** Data below **
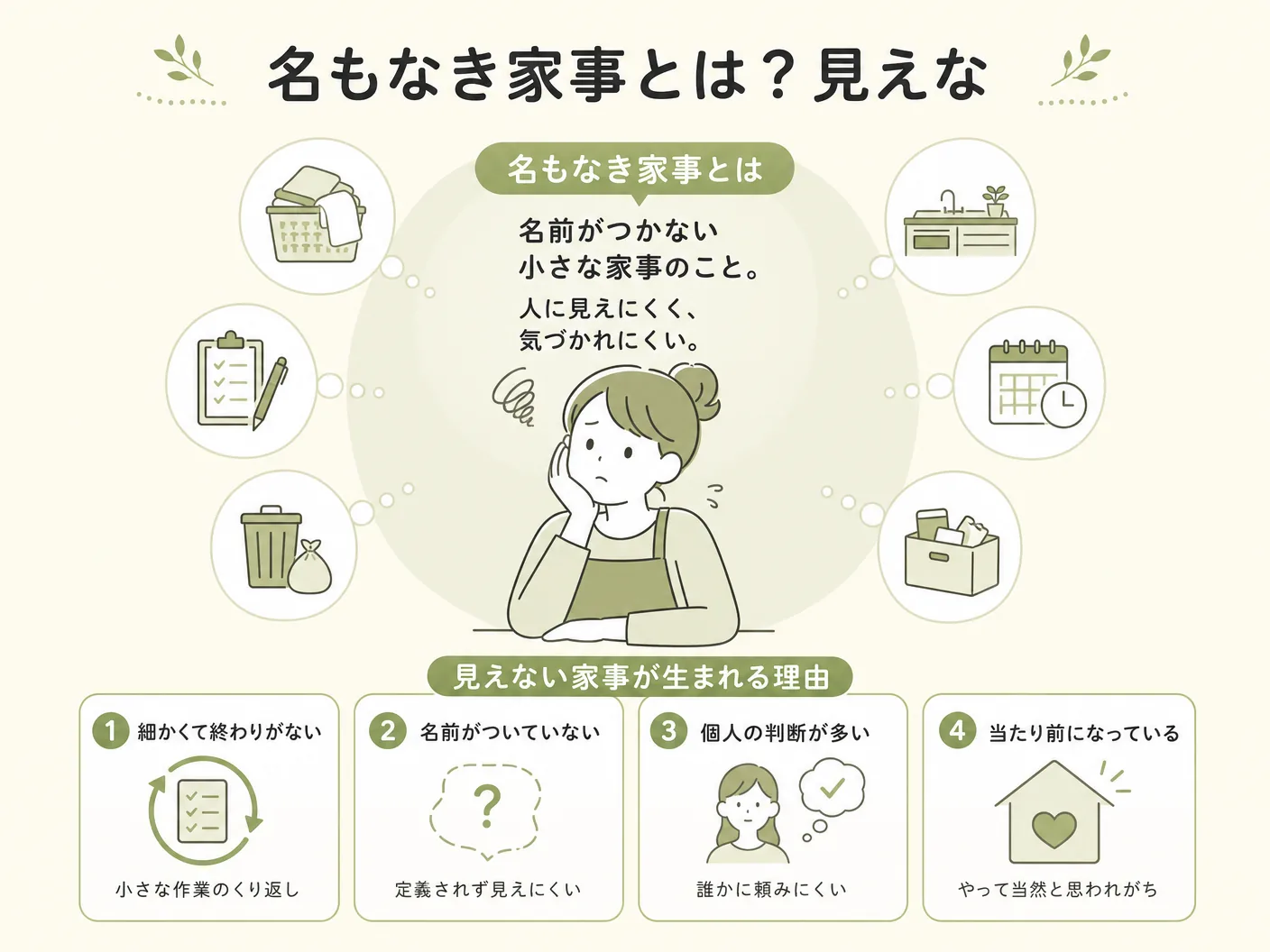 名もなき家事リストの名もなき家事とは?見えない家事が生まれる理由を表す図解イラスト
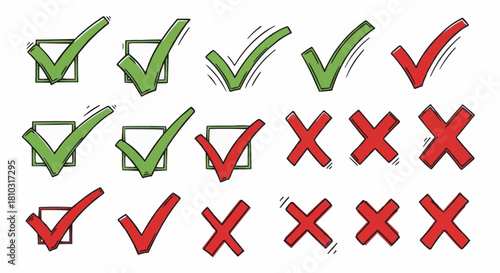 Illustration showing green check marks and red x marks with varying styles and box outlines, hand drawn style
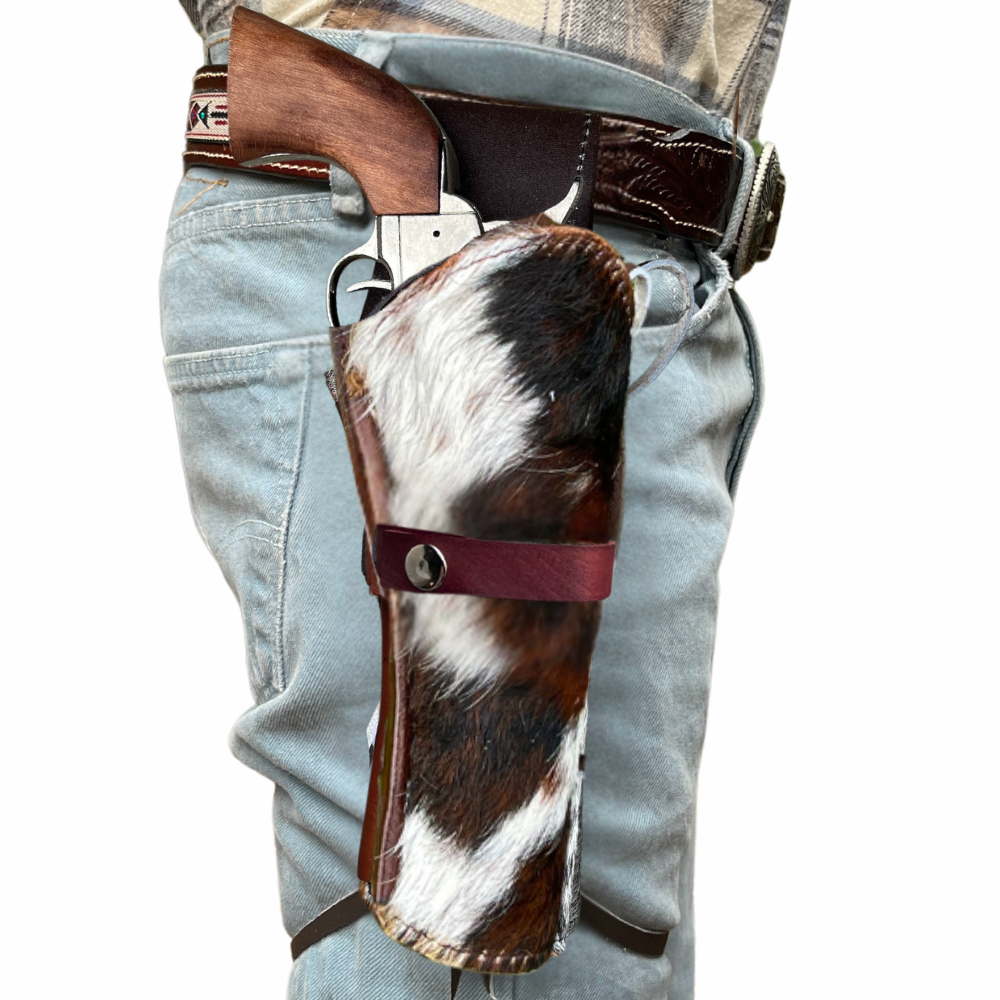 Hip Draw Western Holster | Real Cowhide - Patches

** Task description **
Return the listing unchanged, but drop every picture.

** Answer below **
 名もなき家事リストの名もなき家事とは?見えない家事が生まれる理由を表す図解イラスト
 Illustration showing green check marks and red x marks with varying styles and box outlines, hand drawn style
 Hip Draw Western Holster | Real Cowhide - Patches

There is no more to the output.